Если есть музыка будущего, то можно сказать о языке Карамзина, что это музыка минувшего. Между тем этот язык не устарел, как не устарела музыка Моцарта. Могли оказаться изменения, то к лучшему, то к худшему; но диапазон все-таки остается верным и образцовым. При начале литературного поприща Карамзина обвиняли его в галлицизмах. Мы давно где-то сказали, что критики его ошибались. Галлицизмы его были необходимые европеизмы. Никакой язык, никакая литература совершенно избегнуть их не могут. Есть денежные знаки, которые везде пользуются свободным обращением: червонец везде червонец. Так бывает и с иными словами и оборотами. Есть лингвистические завоевания, которые нужны, а потому и законны. Но есть лингвистические переряжения, пестрые заплатки, которые вшиваются в народное платье. Эти смешны и только портят основную ткань.

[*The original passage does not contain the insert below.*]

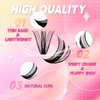Cluster Lashes D Curl Lash Clusters 280 Pcs Lash Extension Clusters Individual Lashes Soft DIY Eyelash Extensions Mixed Tray Eyelash Clusters Natural Look (40D+60D-0.07D, 8-20mm)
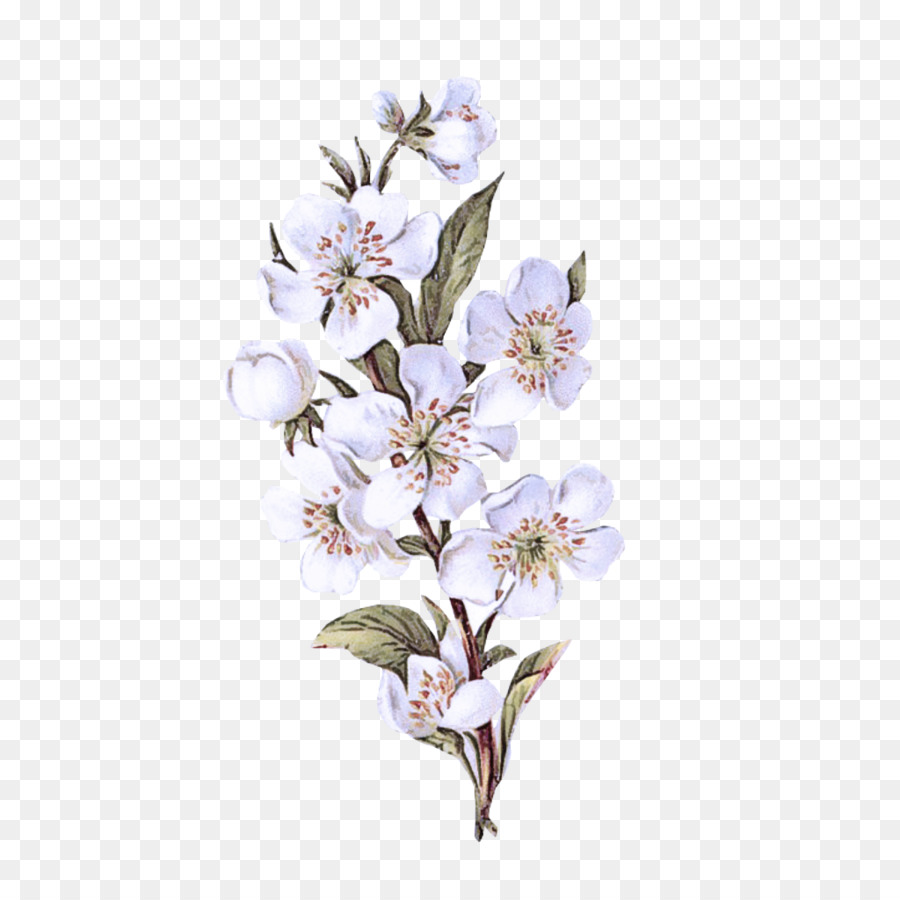 Planta De Floração，Flor PNG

Чтобы показать то, что мы разумеем под слогом и под искусством писать, выберем из многих мест одно, например, следующее:
«Геройская ревность к добру соединялась в Екатерине с редким проницанием, которое представляло ей всякое дело, всякое начинание в самых дальнейших следствиях, и потому ее воля и решение были всегда непоколебимы. Она знала Россию, как только одни чрезвычайные умы могут знать государство и народы; знала даже меру своим благодеяниям; ибо самое добро в философическом смысле может быть вредно в политике, как скоро оно несоразмерно с гражданским состоянием народа. Истина печальная, но опытом доказанная! Так, самое пламенное желание осчастливить народ может родить бедствия, если оно не следует правилам осторожного благоразумия сограждан! Я напомню вам монарха, ревностного к общему благу, деятельного, неутомимого, который пылал страстию человеколюбия, хотел уничтожить вдруг все злоупотребления, сделать вдруг все добро, но который ни в чем не имел успеха и при конце жизни своей видел с горестью, что он государство свое не приблизил к цели политического совершенства, а удалил от нее: ибо преемнику для восстановления порядка надлежало все новости его уничтожить. Вы уже мысленно наименовали Иосифа – сего несчастного государя, достойного, по его благим намерениям, лучшей доли! Он служит тению, от которой мудрость Екатерины тем лучезарнее сияет. Он был несчастлив во всех предприятиях – она во всем счастлива; он с каждым шагом вперед отступал назад – она беспрерывными шагами шла к своему великому предмету, писала уставы на мраморе неизгладимыми буквами, творила вовремя и потому для вечности и потому никогда дел своих не переделывала».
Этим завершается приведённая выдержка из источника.